At issue is Florida’s statutory special airlines apportionment formula for purposes of calculating corporate income tax. Florida determines an airline’s taxable income by dividing the number of miles it carries passengers within the “Florida box”—a geographical area statutorily defined by latitude and longitude—by the miles it carries passengers everywhere. JetBlue’s position was that this box includes international waters and portions of other states where Florida has no authority to tax, which consequently violates of the Constitution’s commerce clause.
Judge Jonathan Sjostrom of the Florida Second Judicial Circuit decided that “Florida’s income tax applied to 7% of JetBlue’s income is fair by any reasonable, economic measure.” Based on JetBlue’s responses to the DOR’s interrogatories, JetBlue’s economic activity in Florida was much greater than the resulting apportionment percentage. The judge referenced the economic reality of JetBlue’s in-state payroll, revenue, property, and takeoffs and landings that each approached or exceeded 20% during the years at issue.
The judge also rejected the claim that the Florida statute violated the internal consistency test in the Supreme Court case Complete Auto Transit,3 stating that it is difficult to imagine how other states could enact an identical statute since it defines state territory based on specific geographic features within Florida. Judge Sjostrom felt that it was unlikely that an airline would be taxed on 100% of its income.
Why It Matters for Everyone
The judge’s final point in rejecting JetBlue’s challenge was that the state’s alternative apportionment provisions protect an airline from an unreasonable level of Florida taxation. Florida statutes allow the taxpayer to petition for any of the following if an apportionment method does not fairly represent the extent of a taxpayer’s tax base attributable to the state:
- Separate accounting,
- Exclusion of any one or more factors,
- Inclusion of one or more factors that will fairly represent the taxpayer’s tax base attributable to the state, or
- Employment of any other method that will produce an equitable apportionment.
Greg Rottjakob, Ryan’s state income tax practice leader observed that “what is interesting and almost quite powerful in their analysis of alternative apportionment is how the state pushed back. Florida’s special apportionment is statutory, and the corresponding regulation indicates intent, not found in the statute, that the single factor sales is ‘in lieu of the three-factor formula,’ which is the default methodology in the state. Florida used the threat of three-factor apportionment, which would have significantly increased JetBlue’s Florida apportionment as a possible reasonable alternative apportionment to switch to (or remedy) if their current revenue miles calculation violated the Constitution. Is alternative apportionment the proper remedy or threat afforded the state when the statute on its face exceeds the jurisdictional boundaries of the state?
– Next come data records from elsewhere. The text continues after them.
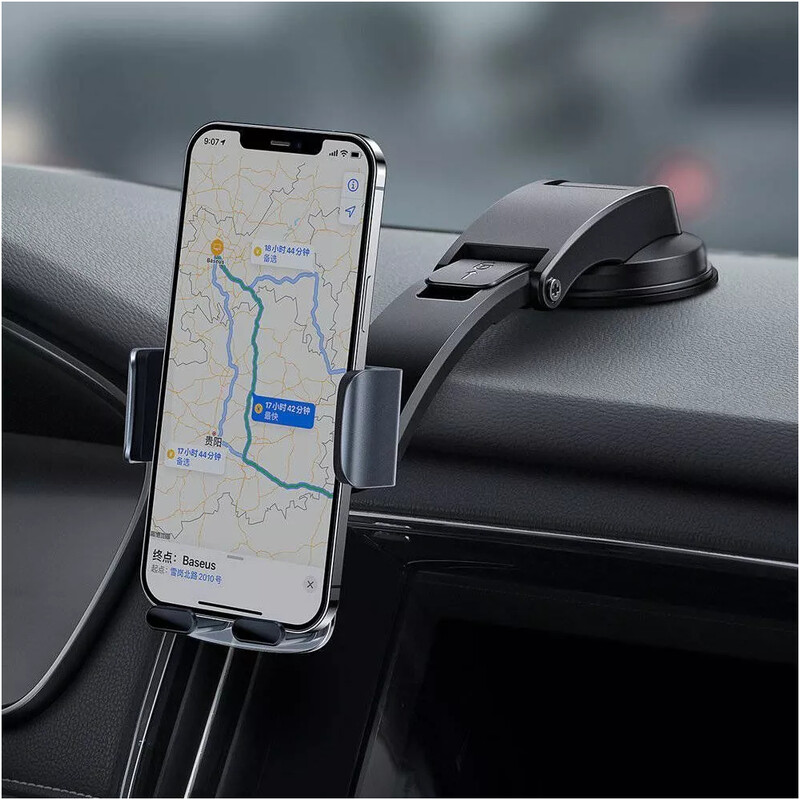 Тримач автомобільний для смартфона Baseus Easy Control Clamp Car Mount Holder (A Set) Black (SUGX020001)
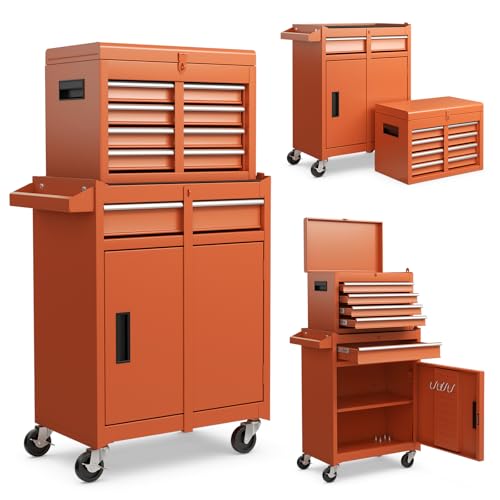 Goplus Rolling Tool Chest, 5-Drawer Tool Box Organizer w/Lockable Wheels & Sliding Drawers & Detachable Top & Adjustable Shelf, Tool Storage Cabinet for Garage Workshop (Orange) - color: Orange, style: 5 Drawers
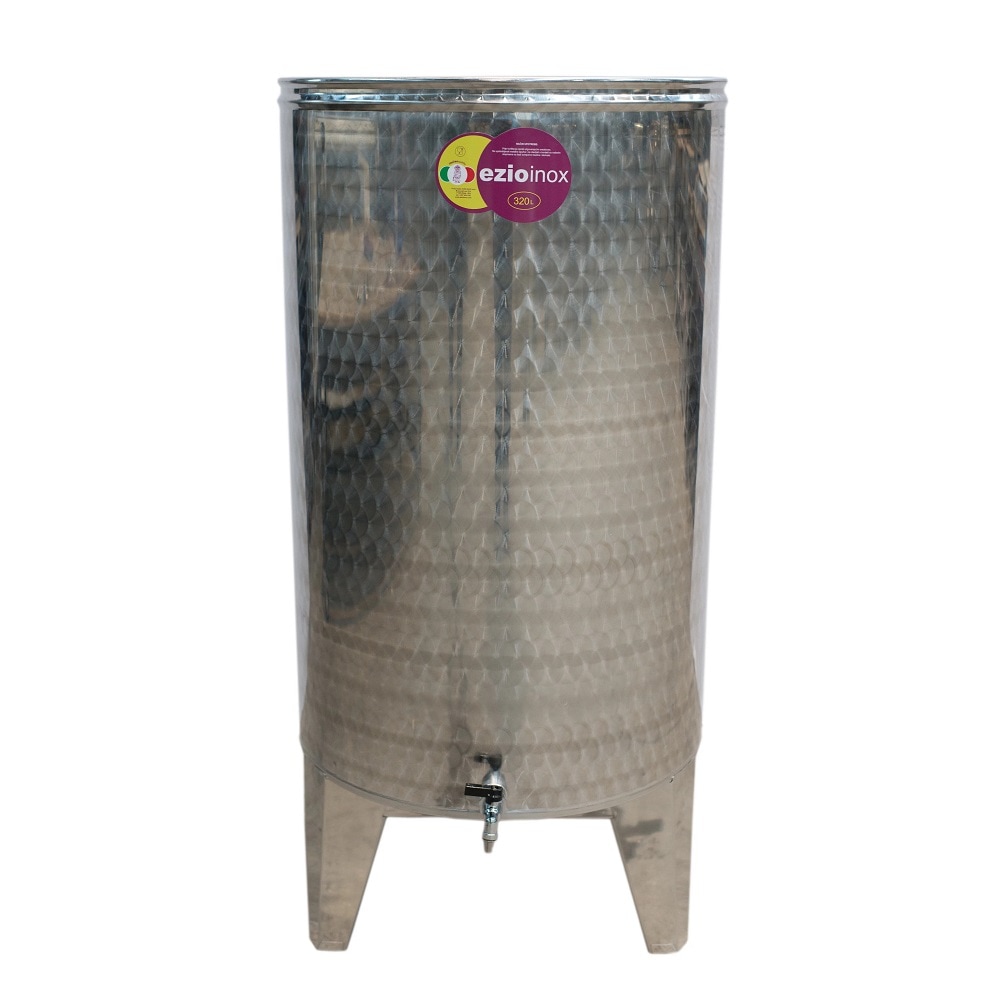 Butoi, confectionat din inox, forma cilindrica, robust, rezistent, cu capac flotant, robinet si picioare, 640 x 1300 x 0.6 mm, 320 litri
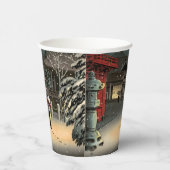 Tsuchiya Koitsu - Sneeuw op Nezu Shrine Papieren Bekers (Rechts)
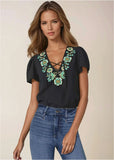 Embroidered Blouse Jet Black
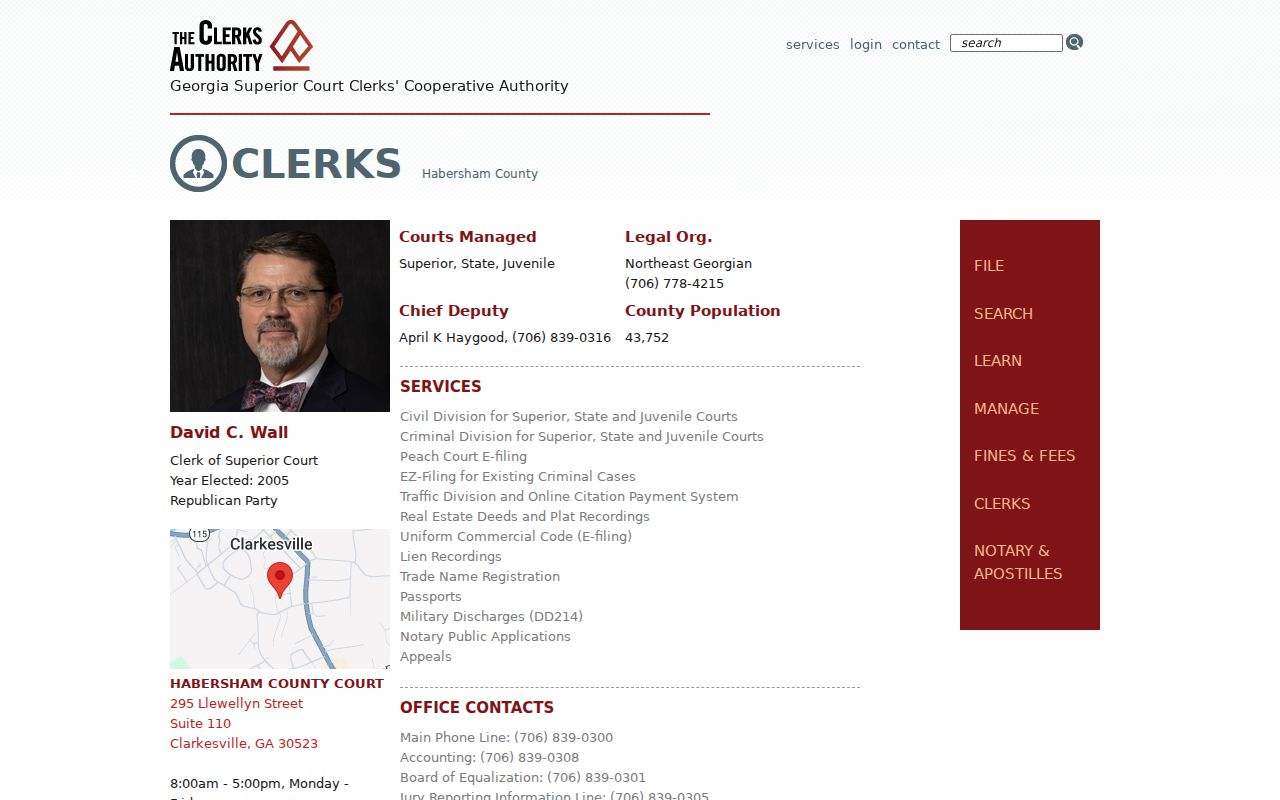 Official clerk directory for the Habersham County court docket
As an aside that might have broader applicability, we have an instance where the state represented that true economic activity might be best represented by three-factor apportionment. In traditional businesses and industries that are heavily reliant on investment in capital and people, could the baseline of three-factor better demonstrate the economic activity in a state? In the DuPont Minnesota case,4 could the taxpayer have argued for the application of a three-factor as a more reasonable alternative apportionment formula than the method the state proposed?”
Ryan’s experts have extensive experience in applying for alternative apportionment. If you think you could benefit from this type of approach, please contact the Ryan tax professionals listed below.
1 JetBlue Airways Corporation and Subsidiaries v. Department of Revenue, Fla. Cir. Ct., No. 2024 CA1177, September 1, 2025.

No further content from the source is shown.